Mine had 256k, and was not the first either.
(Score: 2) by mhajicek on Saturday March 07, @01:49AM (1 child)
It was a 5150, purchased in '81.
(Score: 3, Insightful) by owl on Saturday March 07, @02:21AM
Which, when purchased new from IBM, had either 16K or 64K:
https://en.wikipedia.org/wiki/IBM_Personal_Computer#Hardware [wikipedia.org]
RAM 16 KB or 64 KB minimum (expandable to 640 KB)
So if it eventually had 640k, that would be because your Dad had added one or more expansion cards to expand it out to 640k.
(Score: 2) by turgid on Saturday March 07, @09:47AM (1 child)
Back in the day, Microsoft also had Xenix, "real Unix" for the 286. At one point, they announced that MS-DOS and Xenix would converge. Then OS/2 became the future. Then it was Windows.
(Score: 3, Interesting) by owl on Saturday March 07, @05:14PM
And they did, if ever so slightly. DOS 2.0 added a lot of features that were clearly derived from Unix systems, even if they had to be done via hacks in the DOS world. But that was also where the convergence ended, as DOS really did not continue to add much more Unixisms for the remainder of its lifetime.
(Score: 2) by jman on Saturday March 07, @01:14PM
This is all a little later than 2.0, but: QEMM; Stacker; Squeezing every bit out of that magic area above 640K.
Toward the end of DAS's days, had a 9-track tape drive hooked up to a 386-SX with a whopping 4 megs of ram. Used M$'s "Professional Development System" to compile basic code for sucking data off the tapes.
While the majority of what I was reading was 390 byte records from census data, every now and again we'd get a "stranger" tape & I'd have to figure out its format. Wrote a little app so I could "guess" record sizes and have a few of them display on the amber screen. When stuff lined up, I knew I was in.
Reading a tape (1600bpi, not 6250, we didn't spring for the high-end drive) took about 20 minutes. With IO at 390 bytes per read being the bottleneck, I had the clever idea of using that 4 megs, reading as much as the drive would give me and just parsing everything in memory.
Great, except it wouldn't actually read the amount it was supposed to be able to.
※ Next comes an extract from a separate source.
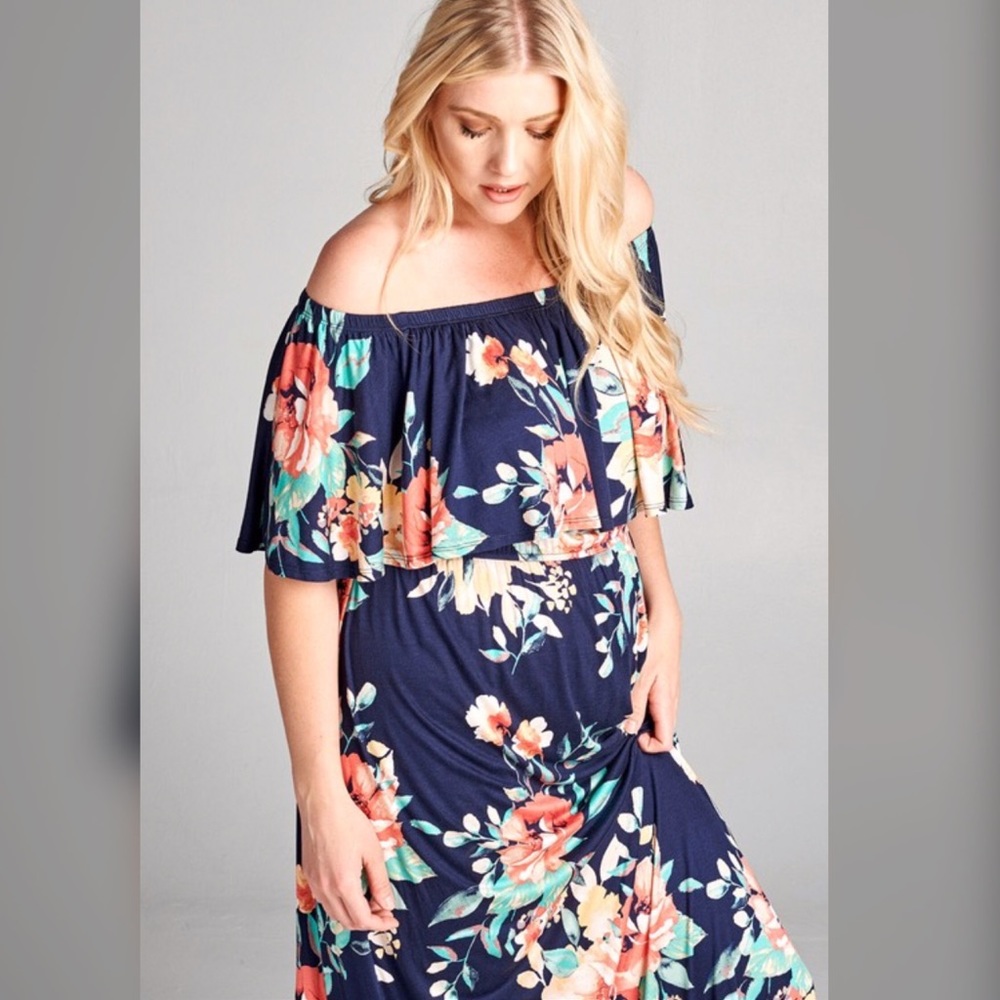 PLUSONLY 1 2X LEFTOff the Shoulder Maxi Dress - Picture 2 of 3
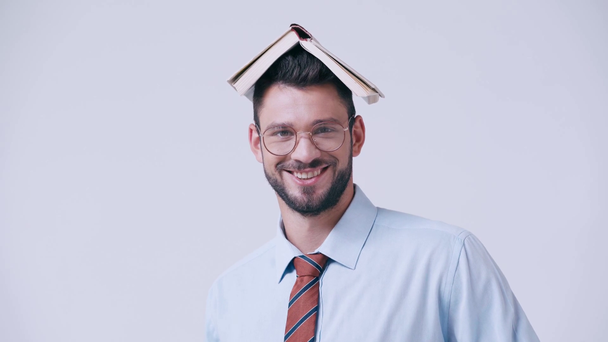 grappige leraar met boek op hoofd geïsoleerd op wit - Video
Finally got on the phone with someone at M$ (you could still do that back then), and figured out even though the machine I was on was 32 bit, the driver was 16. So, when I asked for X amount of data, it just couldn't supply it.
Good times!
Oh, 39K? That's what my C64 had left over after it booted. Amazing what you could cram into that tiny thing, and it did suck being stuck with a max of two character variable names. What was it again, sixty lines ago, ax%, az%? Ugh.